• [Work instruction]
Write out the data exactly, please, and omit the pictures.
* * * * * * * * *
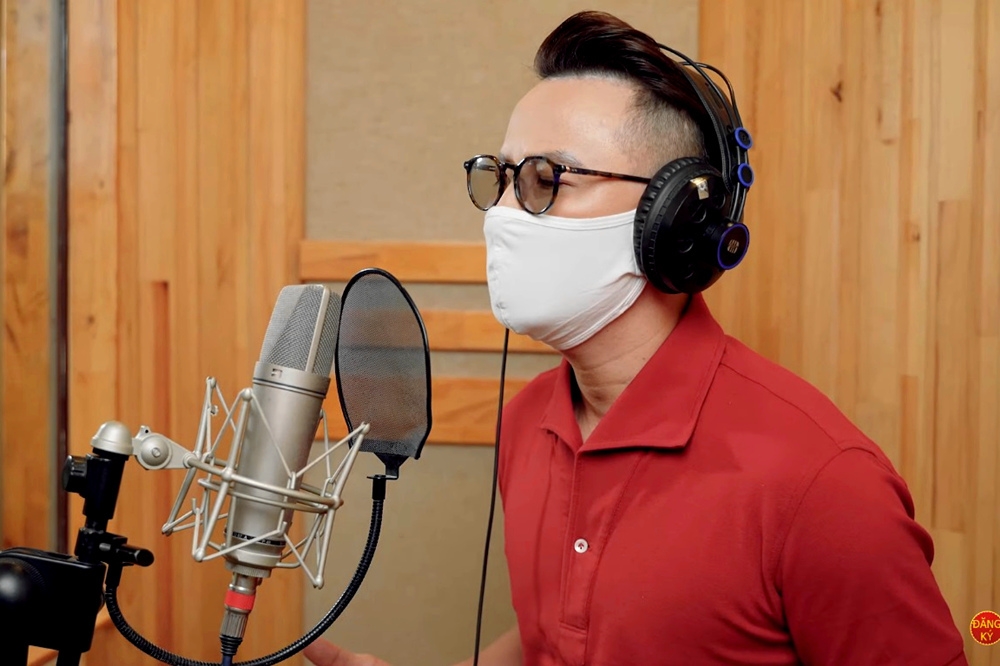 Singer hoang bach wears face mask while singing the song 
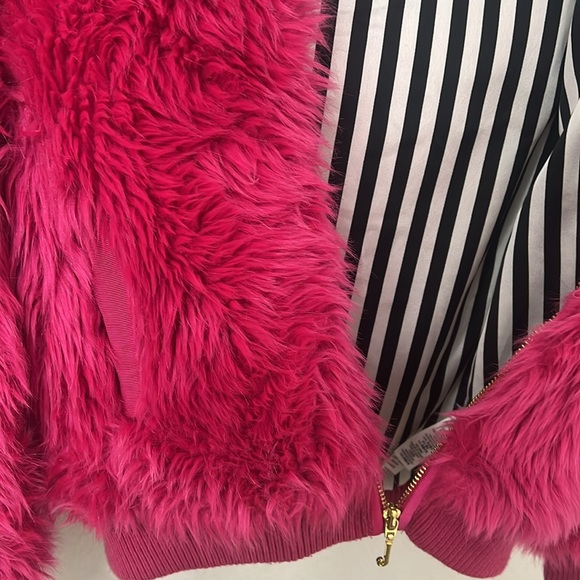Juicy couture Faux Fut hooded Jacket - Picture 4 of 4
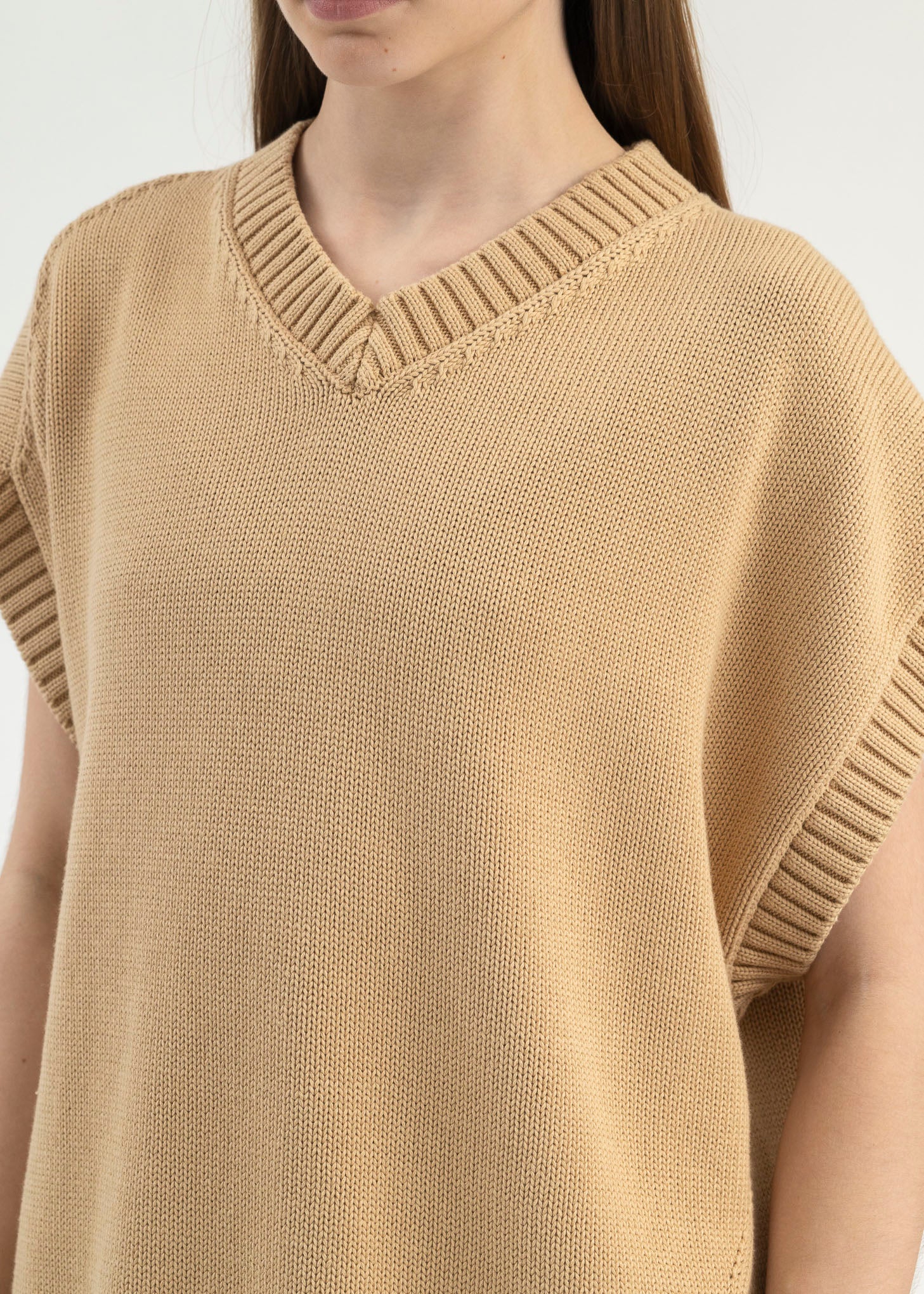 Beige V-Neck Vest - Image 4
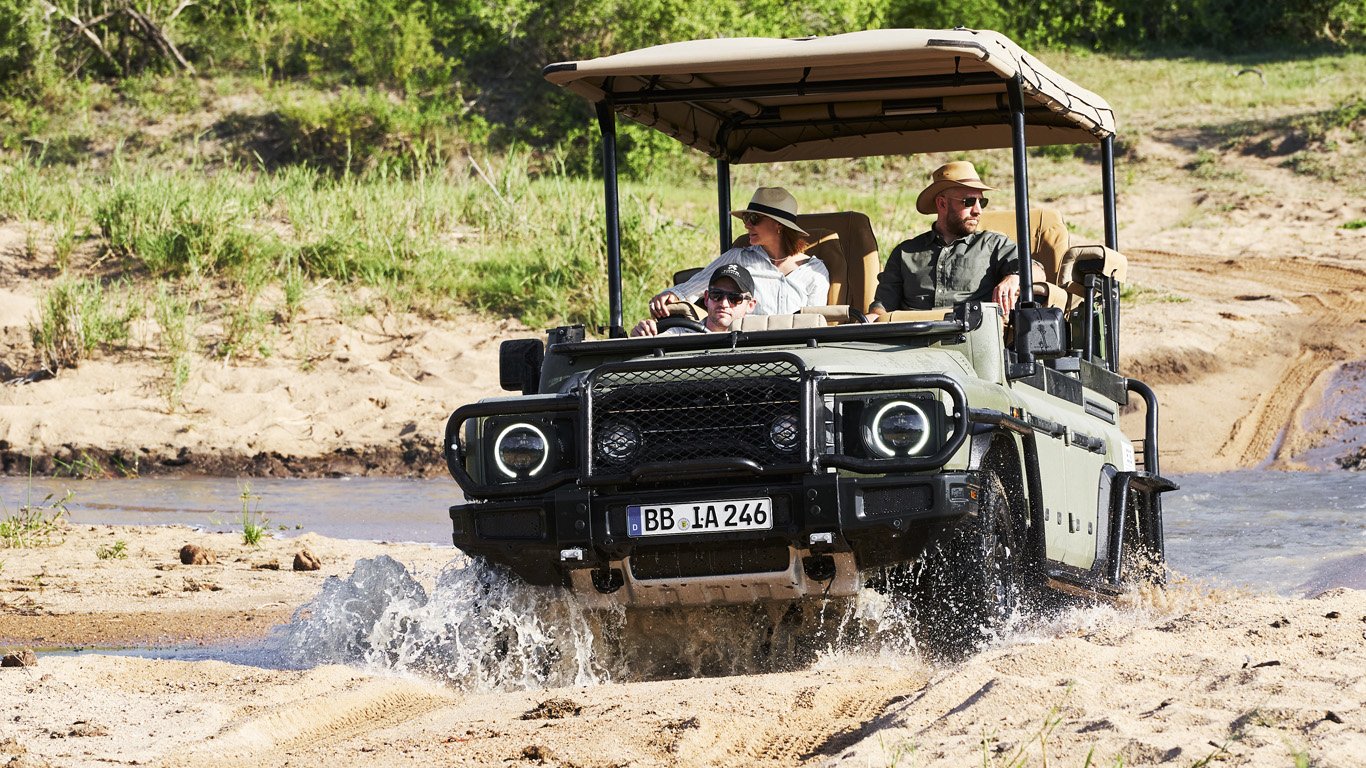 Ineos Safari Grenadier се впусна в дивите пейзажи на Африка
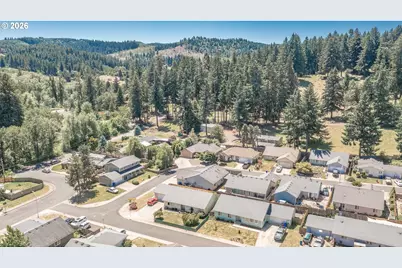 196 Buttercup Loop, Cottage Grove, OR 97424 - Photo 37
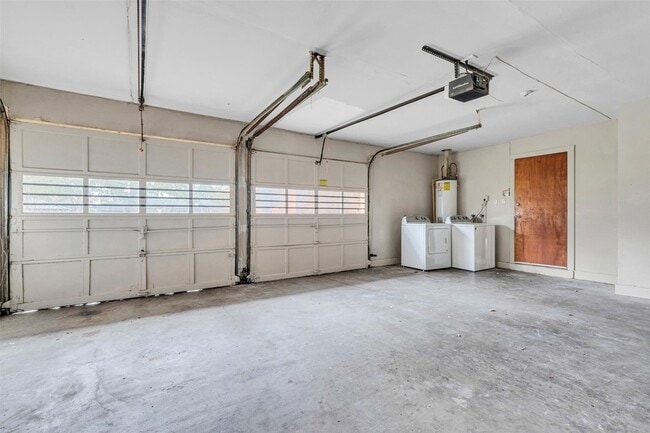 Building Photo - 1803 Sea Queen Ct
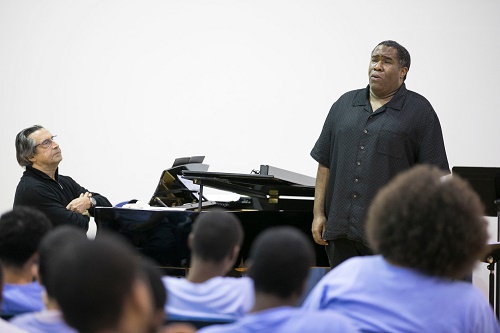 Riccardo Muti and Eric Owens at the Illinois Youth Center in Chicago. (Photo: Todd Rosenberg) 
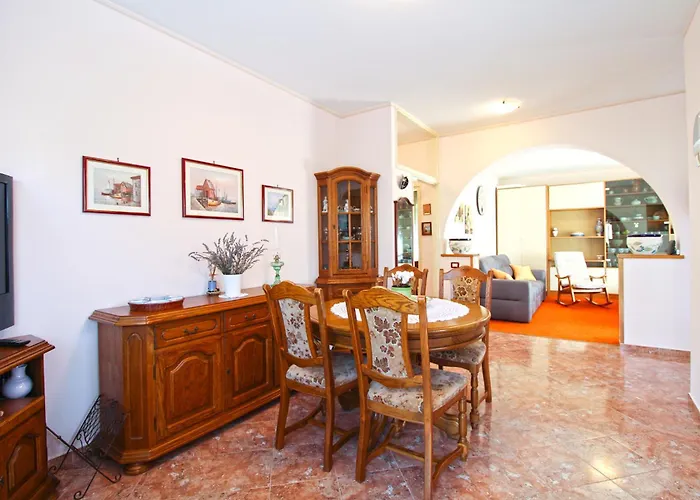 Ljiljana 2348 * Pula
* * * * * * * * *
• [Reply to the exercise]
 Singer hoang bach wears face mask while singing the song 
Juicy couture Faux Fut hooded Jacket - Picture 4 of 4
 Beige V-Neck Vest - Image 4
 Ineos Safari Grenadier се впусна в дивите пейзажи на Африка
 196 Buttercup Loop, Cottage Grove, OR 97424 - Photo 37
 Building Photo - 1803 Sea Queen Ct
 Riccardo Muti and Eric Owens at the Illinois Youth Center in Chicago. (Photo: Todd Rosenberg) 
 Ljiljana 2348 * Pula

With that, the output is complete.